How Courts Paved the Way For the Eruv – March 2019
Partner Barry Black authored an article for the New York Law Journal featured in their March 1st edition.
The article touched on the centuries-old practice of Orthodox Jews preventing them from pushing or carrying objects outside their homes on the Sabbath and on Yom Kippur, yet those prohibitions are lifted within an eruv, a ritual demarcation of an area.
Barry discusses recent and historical decisions on the practice and offers insight into how both sides of the community should approach the practice.
Religious Institutions and Trustees: An Unorthodox Relationship – November 2018
Barry Black and Jonathan Nelson discuss in their recent Religion Law column featured in the New York Law Journal some examples highlighting the rather unorthodox relationship between religious organizations and their trustees. The two Nelson Madden Black partners dive into a variety of cases which have laid precedence to the opaque guidelines for religious organizations, trustees and even members of congregations.

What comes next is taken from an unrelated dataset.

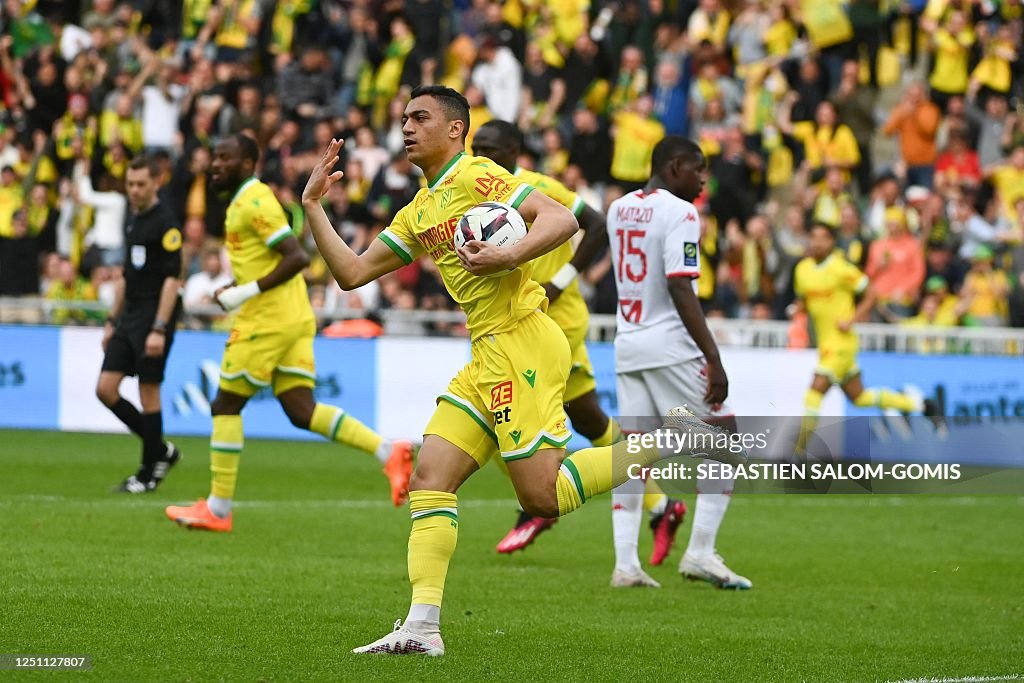 Mostafa Nantes' Egyptian forward Mostafa Mohamed celebrates scoring a goal ...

Religious Accommodations: How Far Must Employers Go? – August 2018
Religious accommodation disputes can lead to a variety of claims against employers. In their most recent Religion Law column for the New York Law Journal, Barry Black and Jonathan Nelson of the religion law firm Nelson Madden Black review and explain the law related to these kinds of religious accommodation claims and discuss the efforts that both employers and employees are expected to make in an effort to resolve them.

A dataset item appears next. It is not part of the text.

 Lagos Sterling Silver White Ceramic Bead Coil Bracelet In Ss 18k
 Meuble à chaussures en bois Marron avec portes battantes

The bottom line, according to Mr. Black and Mr. Nelson, is that, in many instances, there is almost nothing more important to an employee than his or her religious beliefs. The law recognizes that, and requires that employers do so as well – within limits.
When #MeToo Leads To Litigation Against a Church – May 2018
Under the ministerial exception, a minister’s discrimination lawsuit against his or her congregation cannot be sustained as violative of the First Amendment. Does this principle apply to sexual harassment claims? What if the harassment claim in no way involves the hiring or firing of the minister? The courts are split on this question. How will NY’s courts decide the question? Read the New York Law Journal’s most recent Religion Law Column by partners Barry Black and John Madden.
Congregations Transferring Real Estate: When Is Court Approval Needed? – March 2018
Partners Barry Black and Jonathan Robert Nelson co-authored the New York Law Journal’s inaugural Religion Law column. The article focuses on the approval necessary prior to a religious institution’s transfer of real estate as set forth in New York’s Religious Corporations Law.
This was the first article in a new quarterly series for the New York Law Journal on Religion Law. Partner Barry Black has been designated by the NYLJ as its Religion Law Columnist.
Exceptions and Exclusions Benefit Religious Institutions and Clergy – September 2017
Barry Black and John B. Madden authored an “expert analysis” article for the New York Law Journal discussing several anomalies in which the law treats religious institutions and clergy uniquely, including certain tax exemptions, employment status of clergy and Title VII provisions.